Michael Russell is disappointed in a new history of the Highlands

If there is a seminal book in Scottish thinking about the Highlands and islands, it must surely by James Hunter’s The Making of the Crofting Community.

That book laid bare, with unremitting detail and passionate advocacy, the true origins of the Highland landscape and the so-called Highland problem. It was published at a time when UK Governments were paying new attention to the Highlands and islands. And it came after initiatives that allowed great figures like the late Sir Robert Grieve to get to grips with how to restore hope and dynamism to an area seemingly in terminal decline.

James Hunter has been a major player in that movement, in his writing, his work for the Crofters Union, as head of Skye and Lochalsh Enterprise and now as chair of Highlands and Islands Enterprise. His appointment to the last of these was a rare stroke of enlightened genius by New Labour. It was in sharp contrast to the succession of business placemen the Tories put in charge of Highland development.

It is therefore all the more surprising that in his latest book on Highland issues James Hunter should disappoint this reader and most reviewers - particularly given the ambitious sweep of what should be his most important book.

Perhaps the background to the book suggests one of the reasons. It was generously funded by his own Highlands and Islands Enterprise. The contents suggest that such funding has blunted the editorial process and allowed the enterprise chairman to get away with things that no mere author would, or should, be allowed.

The problem lies not in the thesis - that outside interference and government colonialism has blighted Highland history - but in the way the thesis is developed. Instead of a direct polemical narrative, there are constant excursions to the highways and byways of Highland life.
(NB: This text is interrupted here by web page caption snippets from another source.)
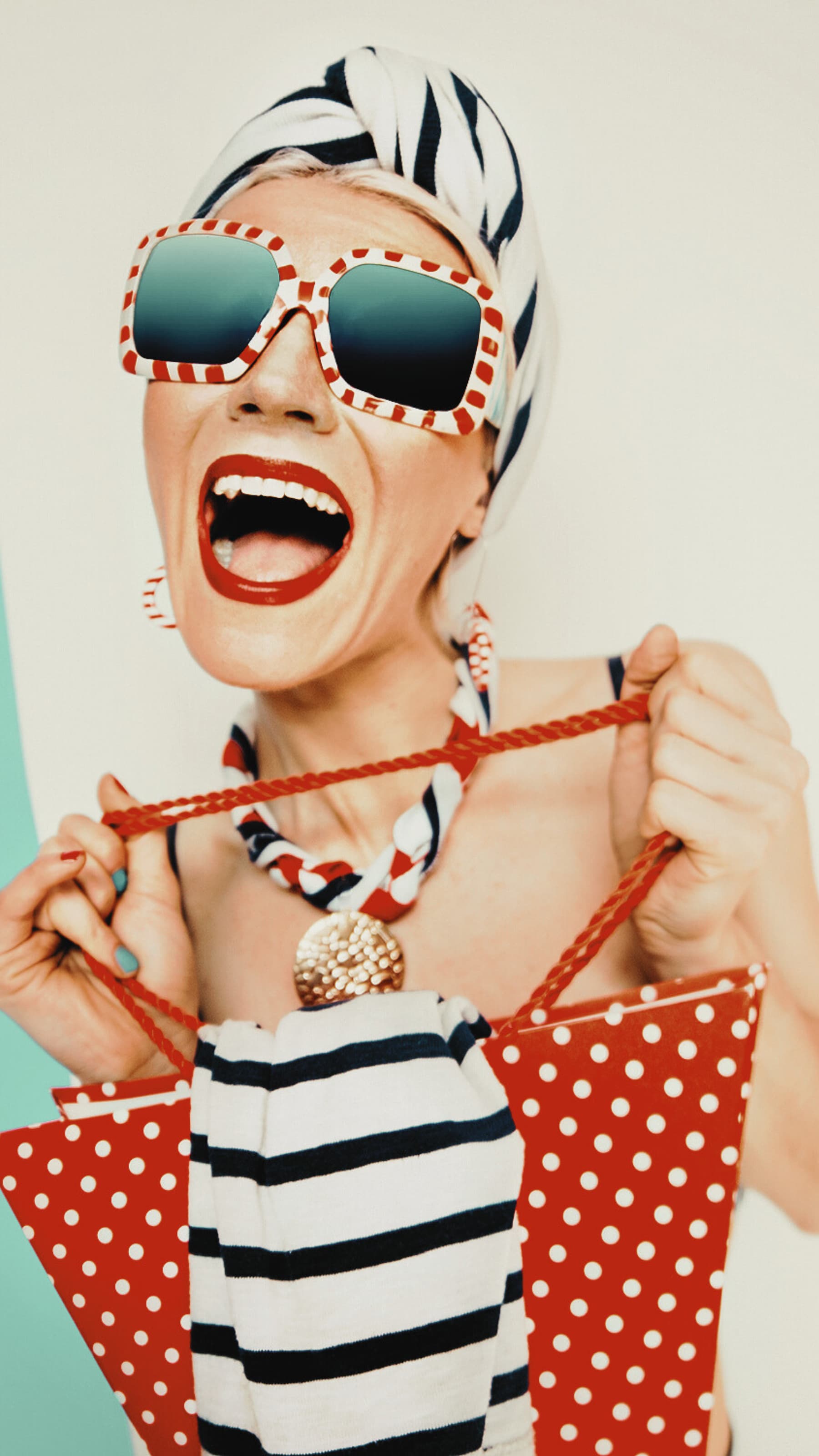 Woman wearing bold sunglasses and playful summer styling for the Baba Yaga Summer campaign.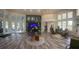 Well-lit lobby featuring tropical plants and access to community amenities at 8121 Fan Palm Way, Kissimmee, FL 34747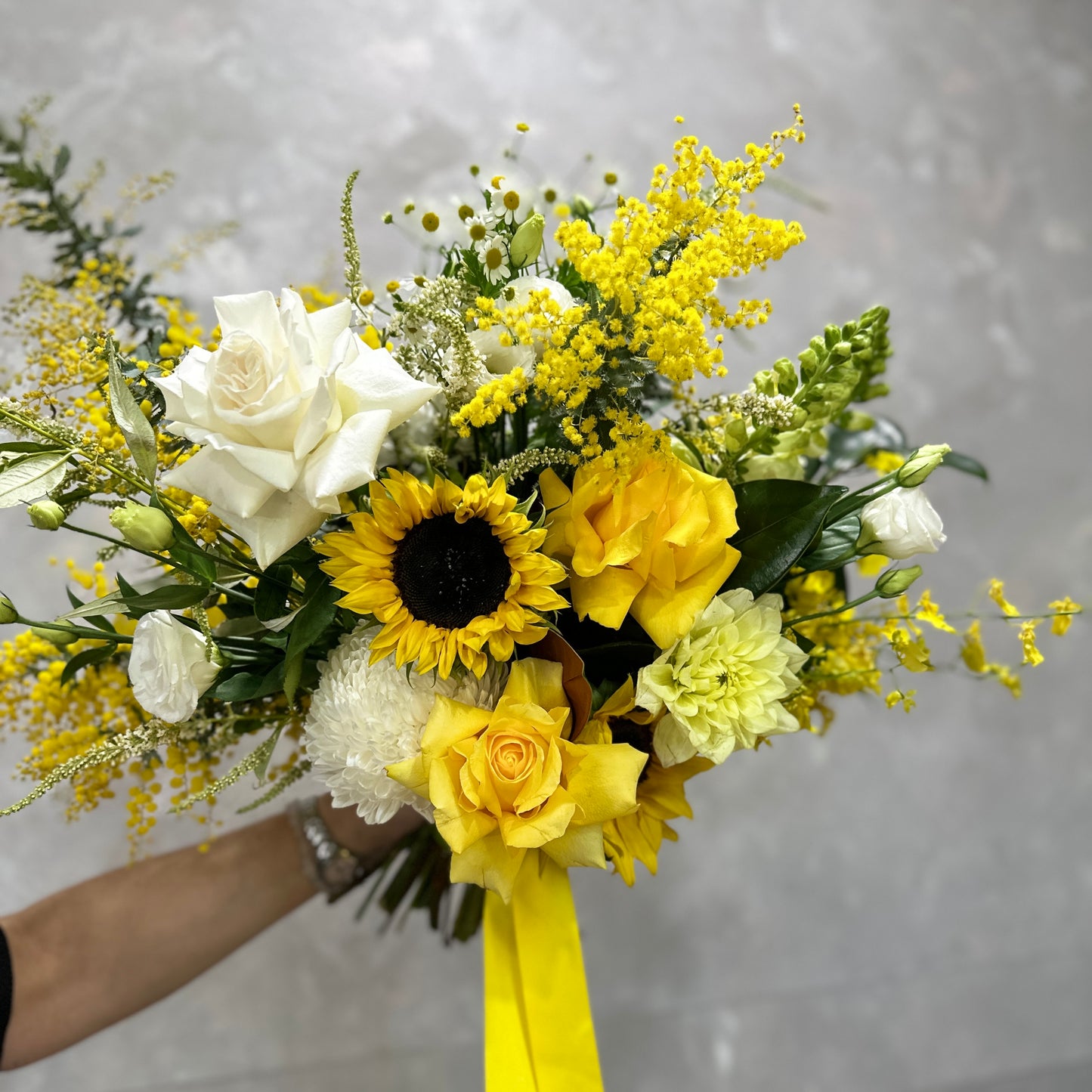 A hand holds the vibrant Lemon Fizz bouquet from Flowers on Norton St, showcasing sunflowers, yellow and white roses, and an array of chrysanthemums against a neutral background. The stems are elegantly tied with a yellow ribbon.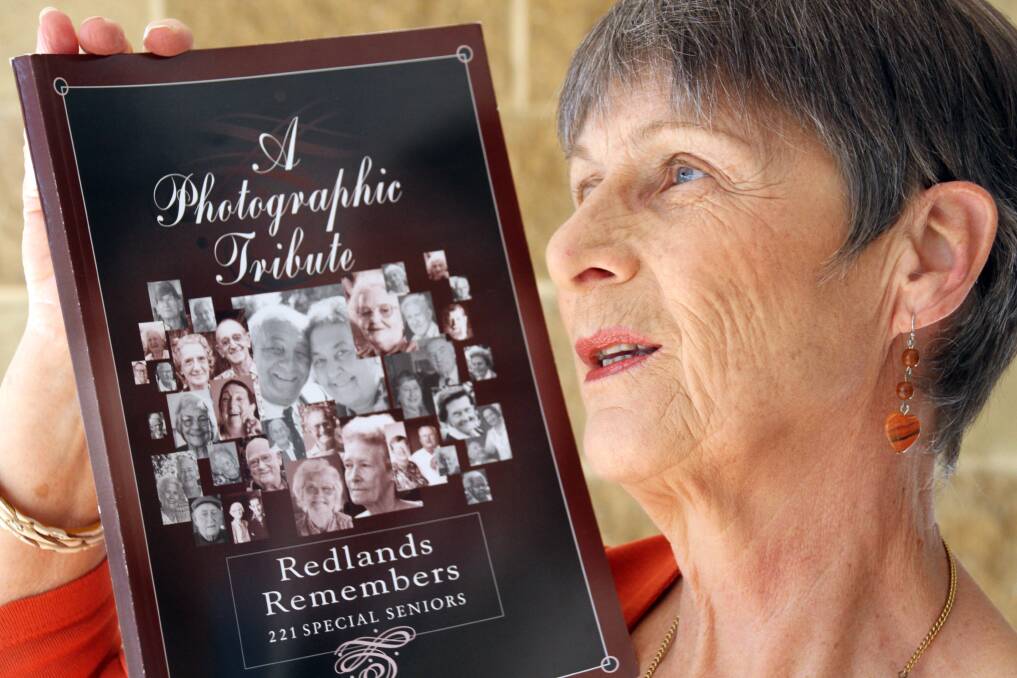 Susan Russell holds the book of photographic tributes of people in the Redlands. An exhibition will be held at Redland Museum in August/September .Photo by Chris McCormack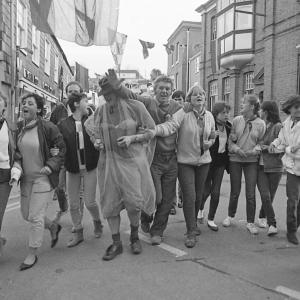 People walking down the street arm in arm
There are far too many moments when the author steps out from his analysis to sit on a hillside and muse on what lies before him.

Given his achievements, it is hard to accuse James Hunter of lacking courage. But Last of the Free is timid and rambling at times, constantly edging off its author’s main argument. And it is hedged about with such reservations as to all but invalidate the central thrust of its thinking.

That is a pity. I write this in my Argyll home, looking from my study window across Loch Riddon. I, and many like me, are sympathetic to Hunter’s approach - and not least to his plea that the new Parliament give the maximum freedom of operation to the Highlands and islands.

Hunter is right to say in his concluding chapter that much good has been achieved in the Highlands and islands, and given the right circumstances much more will be accomplished. He is equally right to lay blame on the rest of the Scotland and the rest of the UK for the brutal treatment of the Highlands and islands and their people. And a full share of that blame should lie with the clan chieftains and landlords who were willing and well rewarded agents of distant governments from the seventeenth century onwards. But these conclusions are not new, despite the hype in his publisher’s press release.

Understanding the past is a prerequisite to influencing the future. There is no shortage of present and past writing attempting to explain Highland history. But there is very little that does so with rigorous scholarship and indignant passion, and still less that seeks to construct a new future as a result of our knowledge of the past.

The combination of those factors has been Hunter’s great strength. This book displays none of them consistently. I hope that Hunter can find again that form as a writer, scholar and activist that makes him of such importance to modern Scotland. There are occasional flashes of it in the pages of Last of the Free, not least in his spirited defence of those who come to settle in the Highlands and his reminder to any native prejudice that even the Gaels and Vikings were at one time white settlers. But the bright light that he has often shed on one of the remotest and ill treated, yet most vibrant and potentially successful, parts of Scotland is strangely dimmed here.